Chapter 2 —Data Models and Query Languages

Data models are perhaps the most important part of developing software

Photo by Pietro Jeng on Unsplash

Overview

Most applications are built by layering one data model on top of another. Each layer hides the complexity of the layers below it by providing a clean data model. These abstractions allow different groups of people — for example, the engineers at the database vendor and the application developers using their database — to work together effectively.

Relational Model Versus Document Model

The best-known data model today is probably that of SQL, based on the relational model: data is organized into relations (called tables in SQL), where each relation is an unordered collection of tuples (rows in SQL).

The birth of NoSQL

The dominance of relational databases has lasted around 25‒30 years — an eternity in computing history.

There are several driving forces behind the adoption of NoSQL (Not Only SQL) databases, including:

  • A need for greater scalability than relational databases can easily achieve, including very large datasets or very high write throughput
  • A widespread preference for free and open-source software over commercial database products
  • Specialized query operations that are not well supported by the relational model
  • Frustration with the restrictiveness of relational schemas, and a desire for a more dynamic and expressive data model

As different applications have different requirements, it seems likely that in the foreseeable future, relational databases will continue to be used alongside a broad variety of non-relational datastores — an idea that is sometimes called polyglot persistence.

The Object-Relational Mismatch

If data is stored in relational tables, an awkward translation layer is required between the objects in the application code and the database model of tables, rows, and columns. The disconnect between the models is sometimes called an impedance mismatch.

LinkedIn Profile Example: A one-to-many relationship from the user to various items can be represented in various ways as below.

  • Traditional SQL Model. The most common normalized representation is to put positions, education, and contact information in separate tables, with a foreign key reference to the users table.
  • Later versions of the SQL standard added support for structured datatypes and XML data; this allowed multi-valued data to be stored within a single row, with support for querying and indexing inside those documents. These features are supported to varying degrees by Oracle, IBM DB2, MS SQL Server, and PostgreSQL. A JSON datatype is also supported by several databases, including IBM DB2, MySQL, and PostgreSQL.
  • A third option is to encode jobs, education, and contact info as a JSON or XML document, store it on a text column in the database and let the application interpret its structure and content. In this setup, you typically cannot use the database to query for values inside that encoded column.

JSON representation

  • JSON is appropriate for a self-contained document like a profile. Document-oriented databases such as MongoDB RethinkDB, CouchDB, and Espresso support this data model.
  • The lack of a schema is often cited as an advantage.
  • Has a better locality than the multi-table schema as there is no need for multiple joins.
  • One-to-many relationships from the user profile to the user’s positions, educational history, and contact information imply a tree structure in the data, and the JSON representation makes this tree structure explicit.

Many-to-One and Many-to-Many Relationships

In the example of the LinkedIn profile, we store regions of a person as IDs instead of plain text is to remove duplication which is the key idea behind normalization in databases.

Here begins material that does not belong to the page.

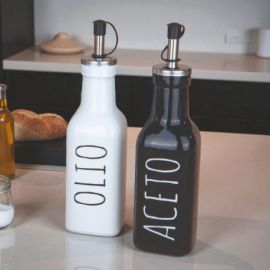SET OLIO E ACETO CON TAPPO DOSATORE BOMBONIERA ORIGINALE PER NOZZE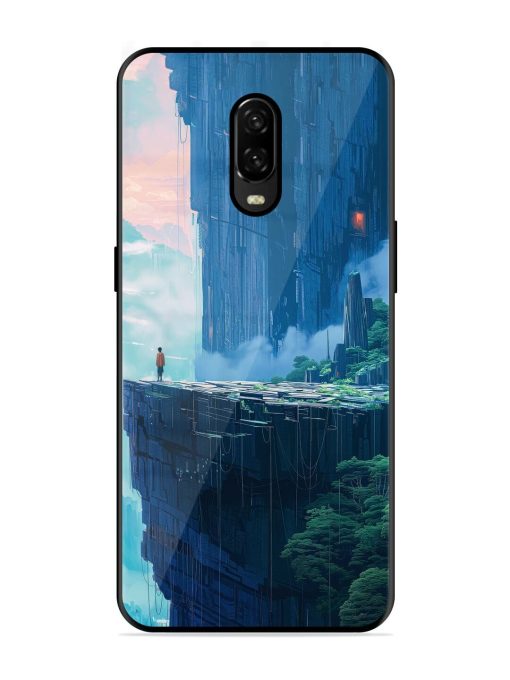 Solitude In The Sky Glossy Soft Edge Case for Oneplus 6T Chachhi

Normalizing data requires many-to-one relationships (many people live in one particular region, many people work in one particular industry), which don’t fit nicely into the document model. In document databases, joins are not needed for one-to-many tree structures, and support for joins is often weak.

At the time of writing, joins are supported in RethinkDB, not supported in MongoDB, and only supported in predeclared views in CouchDB.

In the LinkedIn profile, new features such as Organizations and schools as entities (with homepage and URLs) and recommendations (have a reference to the author’s profile) can be added, then we cannot easily store the organizations or schools in the document along with basic user information.

The figure below illustrates how these new features require many-to-many relationships. The data within each dotted rectangle below can be grouped into one document, but the references to organizations, schools, and other users need to be represented as references and require joins when queried.

Extending résumés with many-to-many relationships

Are Document Databases Repeating History? -> No

Like document databases, IMS worked well for one-to-many relationships, but it made many-to-many relationships difficult, and it didn’t support joins. Developers had to decide whether to duplicate (denormalize) data or to manually resolve references from one record to another.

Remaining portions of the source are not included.